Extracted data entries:
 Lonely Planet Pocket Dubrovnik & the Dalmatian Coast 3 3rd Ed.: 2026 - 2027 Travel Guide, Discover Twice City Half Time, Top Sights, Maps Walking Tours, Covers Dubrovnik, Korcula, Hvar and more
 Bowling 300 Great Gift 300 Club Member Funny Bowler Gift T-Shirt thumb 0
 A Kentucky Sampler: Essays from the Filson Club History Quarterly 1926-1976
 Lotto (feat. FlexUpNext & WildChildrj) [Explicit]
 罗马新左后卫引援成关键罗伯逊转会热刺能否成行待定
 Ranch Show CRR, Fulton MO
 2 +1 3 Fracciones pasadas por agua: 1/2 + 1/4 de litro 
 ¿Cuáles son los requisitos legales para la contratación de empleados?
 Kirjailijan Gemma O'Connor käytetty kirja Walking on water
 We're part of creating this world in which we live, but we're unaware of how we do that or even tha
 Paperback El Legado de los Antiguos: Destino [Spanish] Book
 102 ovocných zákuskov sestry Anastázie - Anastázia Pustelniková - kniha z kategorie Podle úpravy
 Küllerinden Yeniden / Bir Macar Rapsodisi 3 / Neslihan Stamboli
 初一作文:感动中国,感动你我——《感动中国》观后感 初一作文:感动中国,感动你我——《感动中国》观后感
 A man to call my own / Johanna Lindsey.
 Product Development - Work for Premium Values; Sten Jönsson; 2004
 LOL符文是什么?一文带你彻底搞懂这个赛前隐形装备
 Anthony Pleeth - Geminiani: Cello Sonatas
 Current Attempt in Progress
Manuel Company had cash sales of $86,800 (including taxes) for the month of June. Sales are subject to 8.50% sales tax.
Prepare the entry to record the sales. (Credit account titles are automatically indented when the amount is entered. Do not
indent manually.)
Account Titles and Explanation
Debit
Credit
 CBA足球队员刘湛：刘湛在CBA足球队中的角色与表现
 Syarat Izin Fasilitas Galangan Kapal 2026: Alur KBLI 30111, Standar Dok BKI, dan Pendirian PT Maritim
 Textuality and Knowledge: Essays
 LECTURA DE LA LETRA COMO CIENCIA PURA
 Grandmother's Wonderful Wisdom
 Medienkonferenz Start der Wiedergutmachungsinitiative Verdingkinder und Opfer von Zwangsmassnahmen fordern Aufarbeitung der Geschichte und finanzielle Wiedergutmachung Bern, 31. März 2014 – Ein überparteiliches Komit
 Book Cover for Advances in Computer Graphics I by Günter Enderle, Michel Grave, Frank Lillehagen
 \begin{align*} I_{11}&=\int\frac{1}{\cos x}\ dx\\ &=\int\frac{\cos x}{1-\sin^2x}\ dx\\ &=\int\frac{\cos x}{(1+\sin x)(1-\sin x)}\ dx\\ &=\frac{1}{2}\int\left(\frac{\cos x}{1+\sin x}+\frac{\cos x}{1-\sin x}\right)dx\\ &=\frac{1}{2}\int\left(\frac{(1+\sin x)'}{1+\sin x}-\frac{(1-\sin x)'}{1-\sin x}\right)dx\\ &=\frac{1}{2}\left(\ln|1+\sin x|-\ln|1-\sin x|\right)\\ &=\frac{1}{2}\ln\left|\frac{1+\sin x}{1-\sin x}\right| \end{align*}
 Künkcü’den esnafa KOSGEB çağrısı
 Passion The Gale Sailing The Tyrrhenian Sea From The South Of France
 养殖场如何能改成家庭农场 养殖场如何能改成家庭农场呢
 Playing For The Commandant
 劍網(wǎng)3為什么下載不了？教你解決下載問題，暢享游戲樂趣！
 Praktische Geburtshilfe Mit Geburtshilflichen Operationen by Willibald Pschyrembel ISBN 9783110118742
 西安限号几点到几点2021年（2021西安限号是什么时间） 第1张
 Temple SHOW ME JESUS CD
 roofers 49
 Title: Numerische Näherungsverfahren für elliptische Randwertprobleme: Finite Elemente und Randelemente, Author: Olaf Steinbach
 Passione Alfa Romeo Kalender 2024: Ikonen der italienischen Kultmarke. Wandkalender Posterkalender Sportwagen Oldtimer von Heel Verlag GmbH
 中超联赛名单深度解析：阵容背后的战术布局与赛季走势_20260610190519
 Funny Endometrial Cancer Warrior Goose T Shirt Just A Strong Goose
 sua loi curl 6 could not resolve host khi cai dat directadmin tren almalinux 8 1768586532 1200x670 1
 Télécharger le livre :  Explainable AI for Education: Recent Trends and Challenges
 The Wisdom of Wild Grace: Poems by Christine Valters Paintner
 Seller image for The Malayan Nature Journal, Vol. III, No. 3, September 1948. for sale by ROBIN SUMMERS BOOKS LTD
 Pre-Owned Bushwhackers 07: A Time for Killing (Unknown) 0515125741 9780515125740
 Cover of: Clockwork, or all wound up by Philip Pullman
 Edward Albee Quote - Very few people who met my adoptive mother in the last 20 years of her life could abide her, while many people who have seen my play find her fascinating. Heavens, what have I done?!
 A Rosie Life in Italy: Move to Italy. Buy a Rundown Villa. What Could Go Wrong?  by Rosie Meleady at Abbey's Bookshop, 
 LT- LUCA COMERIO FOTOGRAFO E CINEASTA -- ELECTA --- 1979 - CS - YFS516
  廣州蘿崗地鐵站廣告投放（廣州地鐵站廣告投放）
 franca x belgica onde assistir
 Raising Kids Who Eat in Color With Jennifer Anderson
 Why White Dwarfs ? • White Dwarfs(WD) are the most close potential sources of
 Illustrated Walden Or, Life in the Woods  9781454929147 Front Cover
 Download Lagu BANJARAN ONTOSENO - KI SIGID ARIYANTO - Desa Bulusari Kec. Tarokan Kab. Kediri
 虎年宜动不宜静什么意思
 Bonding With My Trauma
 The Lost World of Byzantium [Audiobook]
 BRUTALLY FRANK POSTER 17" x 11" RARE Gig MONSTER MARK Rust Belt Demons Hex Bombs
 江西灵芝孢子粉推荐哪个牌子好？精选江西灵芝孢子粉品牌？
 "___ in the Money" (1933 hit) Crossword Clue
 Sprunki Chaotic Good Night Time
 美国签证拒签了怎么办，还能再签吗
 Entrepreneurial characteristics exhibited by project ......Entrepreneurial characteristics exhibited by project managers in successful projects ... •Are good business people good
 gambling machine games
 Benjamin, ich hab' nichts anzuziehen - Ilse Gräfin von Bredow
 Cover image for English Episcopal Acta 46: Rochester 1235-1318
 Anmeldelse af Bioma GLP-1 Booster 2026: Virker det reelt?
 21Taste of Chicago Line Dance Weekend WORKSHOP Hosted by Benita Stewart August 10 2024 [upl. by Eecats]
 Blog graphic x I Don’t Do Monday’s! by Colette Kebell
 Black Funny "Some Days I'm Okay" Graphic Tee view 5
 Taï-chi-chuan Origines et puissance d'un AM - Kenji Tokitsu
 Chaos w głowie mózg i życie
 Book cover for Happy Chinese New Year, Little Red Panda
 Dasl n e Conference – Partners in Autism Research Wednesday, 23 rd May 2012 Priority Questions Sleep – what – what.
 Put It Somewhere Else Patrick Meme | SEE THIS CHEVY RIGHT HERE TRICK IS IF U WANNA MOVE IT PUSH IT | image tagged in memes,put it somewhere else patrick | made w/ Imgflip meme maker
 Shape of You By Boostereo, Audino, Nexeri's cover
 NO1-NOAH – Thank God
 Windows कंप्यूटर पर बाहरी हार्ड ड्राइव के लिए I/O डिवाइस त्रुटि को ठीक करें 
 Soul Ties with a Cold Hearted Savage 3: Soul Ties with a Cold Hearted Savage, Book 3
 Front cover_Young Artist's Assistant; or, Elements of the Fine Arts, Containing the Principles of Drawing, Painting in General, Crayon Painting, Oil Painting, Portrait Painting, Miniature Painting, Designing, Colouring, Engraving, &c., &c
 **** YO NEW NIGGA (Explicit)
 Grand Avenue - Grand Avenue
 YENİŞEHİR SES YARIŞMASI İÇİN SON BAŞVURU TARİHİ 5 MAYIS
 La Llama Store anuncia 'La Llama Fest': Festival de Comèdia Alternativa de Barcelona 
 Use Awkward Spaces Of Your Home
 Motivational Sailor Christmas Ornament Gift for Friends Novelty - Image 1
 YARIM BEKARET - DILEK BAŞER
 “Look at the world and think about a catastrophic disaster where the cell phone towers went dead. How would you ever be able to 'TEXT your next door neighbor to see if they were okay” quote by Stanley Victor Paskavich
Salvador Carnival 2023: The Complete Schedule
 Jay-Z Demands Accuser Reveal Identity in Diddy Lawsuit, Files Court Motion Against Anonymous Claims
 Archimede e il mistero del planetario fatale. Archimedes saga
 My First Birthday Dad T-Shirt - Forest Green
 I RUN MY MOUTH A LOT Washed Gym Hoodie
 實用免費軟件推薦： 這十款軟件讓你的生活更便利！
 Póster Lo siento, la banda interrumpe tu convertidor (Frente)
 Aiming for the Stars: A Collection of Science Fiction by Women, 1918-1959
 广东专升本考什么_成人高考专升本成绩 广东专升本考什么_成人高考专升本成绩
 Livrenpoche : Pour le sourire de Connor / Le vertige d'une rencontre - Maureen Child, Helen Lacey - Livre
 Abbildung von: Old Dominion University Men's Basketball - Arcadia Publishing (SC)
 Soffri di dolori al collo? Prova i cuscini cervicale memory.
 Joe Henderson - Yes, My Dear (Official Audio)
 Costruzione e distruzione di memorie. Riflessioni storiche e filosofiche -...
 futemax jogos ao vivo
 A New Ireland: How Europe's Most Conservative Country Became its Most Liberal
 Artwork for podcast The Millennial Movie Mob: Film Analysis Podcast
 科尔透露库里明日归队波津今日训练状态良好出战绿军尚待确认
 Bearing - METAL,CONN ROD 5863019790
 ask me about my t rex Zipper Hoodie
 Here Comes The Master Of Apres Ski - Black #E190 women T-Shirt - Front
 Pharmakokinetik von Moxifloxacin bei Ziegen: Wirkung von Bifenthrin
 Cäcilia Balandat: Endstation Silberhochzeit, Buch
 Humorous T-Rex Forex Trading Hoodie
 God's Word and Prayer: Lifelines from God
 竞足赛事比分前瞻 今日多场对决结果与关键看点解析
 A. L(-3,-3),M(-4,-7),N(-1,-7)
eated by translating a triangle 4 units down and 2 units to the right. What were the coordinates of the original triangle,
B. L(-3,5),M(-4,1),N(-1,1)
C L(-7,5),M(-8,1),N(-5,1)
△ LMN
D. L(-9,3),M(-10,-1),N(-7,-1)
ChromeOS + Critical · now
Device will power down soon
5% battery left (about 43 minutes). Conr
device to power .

BRIEF -> Report all lines of the data above that include the string "about".

ANSWER BOX ->
 “Look at the world and think about a catastrophic disaster where the cell phone towers went dead. How would you ever be able to 'TEXT your next door neighbor to see if they were okay” quote by Stanley Victor Paskavich
 ask me about my t rex Zipper Hoodie
5% battery left (about 43 minutes). Conr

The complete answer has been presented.